Web page caption snippets:
★ ★ ★
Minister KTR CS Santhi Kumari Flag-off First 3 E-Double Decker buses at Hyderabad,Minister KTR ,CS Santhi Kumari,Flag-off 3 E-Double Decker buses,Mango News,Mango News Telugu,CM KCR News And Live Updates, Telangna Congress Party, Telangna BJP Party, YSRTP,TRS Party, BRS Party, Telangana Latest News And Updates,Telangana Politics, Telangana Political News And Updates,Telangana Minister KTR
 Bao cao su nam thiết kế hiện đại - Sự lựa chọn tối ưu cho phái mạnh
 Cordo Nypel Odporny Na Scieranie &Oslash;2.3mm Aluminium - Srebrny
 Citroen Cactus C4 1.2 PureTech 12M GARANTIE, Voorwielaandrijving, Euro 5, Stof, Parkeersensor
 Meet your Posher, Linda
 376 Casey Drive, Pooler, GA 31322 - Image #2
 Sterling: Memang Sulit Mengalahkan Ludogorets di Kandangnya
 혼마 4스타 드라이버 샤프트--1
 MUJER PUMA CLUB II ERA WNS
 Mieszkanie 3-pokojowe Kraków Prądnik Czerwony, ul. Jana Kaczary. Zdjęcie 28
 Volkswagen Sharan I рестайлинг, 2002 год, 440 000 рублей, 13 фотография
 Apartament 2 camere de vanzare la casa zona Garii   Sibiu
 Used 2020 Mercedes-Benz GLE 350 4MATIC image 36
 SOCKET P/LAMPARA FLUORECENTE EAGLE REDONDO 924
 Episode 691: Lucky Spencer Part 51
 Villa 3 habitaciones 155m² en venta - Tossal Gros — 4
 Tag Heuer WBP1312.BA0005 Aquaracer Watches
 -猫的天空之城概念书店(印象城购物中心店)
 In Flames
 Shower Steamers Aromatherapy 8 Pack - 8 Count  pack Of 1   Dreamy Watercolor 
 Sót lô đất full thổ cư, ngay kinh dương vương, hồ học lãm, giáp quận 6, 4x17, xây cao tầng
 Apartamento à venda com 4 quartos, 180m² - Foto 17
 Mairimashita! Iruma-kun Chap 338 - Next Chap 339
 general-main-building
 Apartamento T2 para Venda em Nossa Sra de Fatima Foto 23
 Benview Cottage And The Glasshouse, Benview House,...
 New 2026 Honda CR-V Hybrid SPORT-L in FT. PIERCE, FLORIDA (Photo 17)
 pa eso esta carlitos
★ ★ ★
__ASSIGNMENT__: Work out the count of lines in the data above containing the string "Apartamento". Give it alone.

__RESPONSE AREA__: 2